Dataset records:
-- Opening Marker --

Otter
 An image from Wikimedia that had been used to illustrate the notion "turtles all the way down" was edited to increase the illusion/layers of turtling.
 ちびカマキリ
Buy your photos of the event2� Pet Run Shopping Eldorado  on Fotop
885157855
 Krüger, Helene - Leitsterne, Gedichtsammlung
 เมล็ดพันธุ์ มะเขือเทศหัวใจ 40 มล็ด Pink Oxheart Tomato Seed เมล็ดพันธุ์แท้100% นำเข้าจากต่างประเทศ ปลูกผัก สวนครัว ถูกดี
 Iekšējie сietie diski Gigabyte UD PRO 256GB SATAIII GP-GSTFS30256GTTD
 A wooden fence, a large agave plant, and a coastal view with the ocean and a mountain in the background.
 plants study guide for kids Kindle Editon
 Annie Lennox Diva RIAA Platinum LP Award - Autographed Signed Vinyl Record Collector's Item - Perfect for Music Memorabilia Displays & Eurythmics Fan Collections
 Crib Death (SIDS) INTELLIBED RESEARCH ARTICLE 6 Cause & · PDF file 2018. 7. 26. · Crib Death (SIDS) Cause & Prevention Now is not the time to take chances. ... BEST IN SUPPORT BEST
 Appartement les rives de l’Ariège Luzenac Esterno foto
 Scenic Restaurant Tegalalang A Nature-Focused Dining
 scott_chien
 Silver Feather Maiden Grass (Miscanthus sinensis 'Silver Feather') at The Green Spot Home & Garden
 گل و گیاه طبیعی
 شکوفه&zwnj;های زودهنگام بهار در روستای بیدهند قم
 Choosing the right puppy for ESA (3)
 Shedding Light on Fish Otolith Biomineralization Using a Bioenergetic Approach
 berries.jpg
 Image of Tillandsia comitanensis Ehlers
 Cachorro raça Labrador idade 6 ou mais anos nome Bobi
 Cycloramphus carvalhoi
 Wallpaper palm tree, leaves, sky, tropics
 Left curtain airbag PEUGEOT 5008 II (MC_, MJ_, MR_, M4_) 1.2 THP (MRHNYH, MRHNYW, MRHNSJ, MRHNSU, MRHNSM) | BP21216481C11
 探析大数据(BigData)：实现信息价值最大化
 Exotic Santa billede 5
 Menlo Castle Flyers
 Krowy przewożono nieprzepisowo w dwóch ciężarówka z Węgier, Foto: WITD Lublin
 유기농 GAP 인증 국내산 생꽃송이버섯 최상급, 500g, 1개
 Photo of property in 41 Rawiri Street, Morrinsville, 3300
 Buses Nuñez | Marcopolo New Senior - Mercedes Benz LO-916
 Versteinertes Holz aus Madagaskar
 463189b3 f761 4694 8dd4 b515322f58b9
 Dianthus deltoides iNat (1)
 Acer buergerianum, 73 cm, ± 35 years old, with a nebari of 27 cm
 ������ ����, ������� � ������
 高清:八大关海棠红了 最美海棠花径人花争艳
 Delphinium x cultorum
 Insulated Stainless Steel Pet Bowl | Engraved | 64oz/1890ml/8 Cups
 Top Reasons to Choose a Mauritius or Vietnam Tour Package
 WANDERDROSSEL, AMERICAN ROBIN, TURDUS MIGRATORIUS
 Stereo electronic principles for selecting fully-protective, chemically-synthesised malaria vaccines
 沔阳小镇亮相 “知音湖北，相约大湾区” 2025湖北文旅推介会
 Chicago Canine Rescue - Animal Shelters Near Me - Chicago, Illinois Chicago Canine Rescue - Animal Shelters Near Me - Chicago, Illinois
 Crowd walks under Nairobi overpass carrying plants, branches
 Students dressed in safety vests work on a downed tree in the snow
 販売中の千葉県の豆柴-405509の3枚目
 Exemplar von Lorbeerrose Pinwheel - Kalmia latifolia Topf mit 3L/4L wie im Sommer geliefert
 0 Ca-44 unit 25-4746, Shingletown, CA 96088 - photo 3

-- Closing Marker --

-- Work instructions --
Where a line above holds the word "plants", copy it.

-- Your response --
 plants study guide for kids Kindle Editon
 Crowd walks under Nairobi overpass carrying plants, branches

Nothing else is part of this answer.